First, let’s install pandas and matplotlib, two widely used Python libraries:

(artemisa-tuto) $ pip install matplotlib pandas

Create the following python file mnist_class.py

# Library import
import tensorflow as tf
import pandas as pd
from tensorflow import keras
import matplotlib as plt

# Load MNIST dataset. Convert integer to float.
mnist = tf.keras.datasets.mnist

(x_train, y_train), (x_test, y_test) = mnist.load_data()
x_train, x_test = x_train / 255.0, x_test / 255.0

# Build a tf.keras.model with layers.
model = tf.keras.models.Sequential([
  tf.keras.layers.Flatten(input_shape=(28, 28)),
  tf.keras.layers.Dense(128, activation='relu'),
  tf.keras.layers.Dropout(0.2),
  tf.keras.layers.Dense(10, activation='softmax')
])

# Choose an optimizer and loss function to train the model
model.compile(optimizer='adam',
              loss='sparse_categorical_crossentropy',
              metrics=['accuracy'])

# Train and evaluate the model  
early_stopping = keras.callbacks.EarlyStopping(
    patience=10,
    min_delta=0.001,
    restore_best_weights=True,
)

history = model.fit(
    x_train, y_train,
    validation_data=(x_test, y_test),
    batch_size=512,
    epochs=500,
    callbacks=[early_stopping],
    verbose=0, # hide the output
)

history_df = pd.DataFrame(history.history)
ax = history_df.loc[0:, ['loss']].plot()
ax.figure.savefig('./loss.png')
ax = history_df.loc[0:, ['accuracy']].plot()
ax.figure.savefig('./accuracy.png')

print(("Best Validation Loss: {:0.4f}" +\
      "\nBest Validation Accuracy: {:0.4f}")\
      .format(history_df['val_loss'].min(),
              history_df['val_accuracy'].max()))

model.evaluate(x_test,  y_test, verbose=2)

Now run it in the local GPU with the gpurun command

(artemisa-tuto) $ gpurun python mnist_class.py
First nonoption argument is "python" at argv[1]
Connected
Info: OK 0. Tesla P100-PCIE-12GB [00000000:5E:00.0]
1. Tesla P100-PCIE-12GB [00000000:86:00.0]
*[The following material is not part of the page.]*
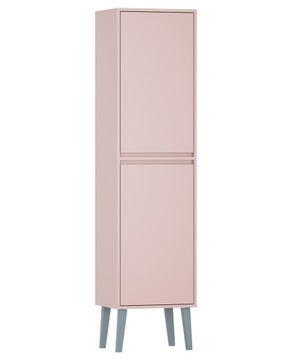 SŁUPEK SZAFKA REGAŁ DO ŁAZIENKI FS2 45CM FENRIS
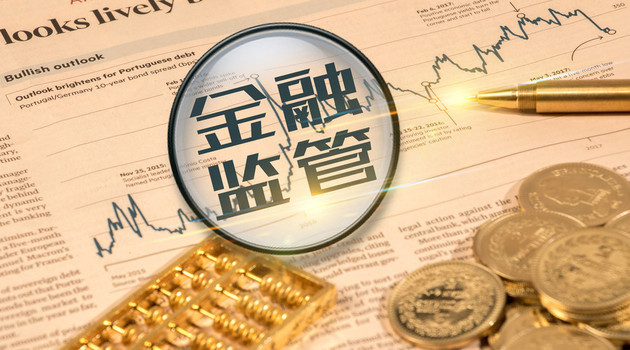 和芸豆分类似的网贷平台靠谱吗？这5家审核快、利率低！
Total clients:-23 Running:2 Estimated waiting time:-7200 seconds
GPU reserved:300 seconds granted
GPUID reserved:0 Details: - Device 0. Tesla P100-PCIE-12GB [00000000:5E:00.0] set to compute mode:Exclusive Process
Info: Executing program: python
2024-06-27 10:58:47.409372: I tensorflow/core/platform/cpu_feature_guard.cc:142] This TensorFlow binary is optimized with oneAPI Deep Neural Network Library (oneDNN) to use the following CPU instructions in performance-critical operations:  AVX2 AVX512F FMA
To enable them in other operations, rebuild TensorFlow with the appropriate compiler flags.
2024-06-27 10:58:47.524967: I tensorflow/core/common_runtime/gpu/gpu_device.cc:1510] Created device /job:localhost/replica:0/task:0/device:GPU:0 with 11437 MB memory:  -> device: 0, name: Tesla P100-PCIE-12GB, pci bus id: 0000:5e:00.0, compute capability: 6.0
2024-06-27 10:58:48.487201: I tensorflow/compiler/mlir/mlir_graph_optimization_pass.cc:185] None of the MLIR Optimization Passes are enabled (registered 2)
Best Validation Loss: 0.0618
Best Validation Accuracy: 0.9825
313/313 - 0s - loss: 0.0626 - accuracy: 0.9813

Results are shown at the end of the output

Best Validation Loss: 0.0618
Best Validation Accuracy: 0.9825
313/313 - 0s - loss: 0.0626 - accuracy: 0.9813

But the executed code also demonstrates the possibility of producing results in the form of plots

_images/accuracy.png _images/loss.png

Summary

Recap

  • Virtual environments are available in both user and project workspaces.

  • The gpurun command is needed to gain access to the UI GPU.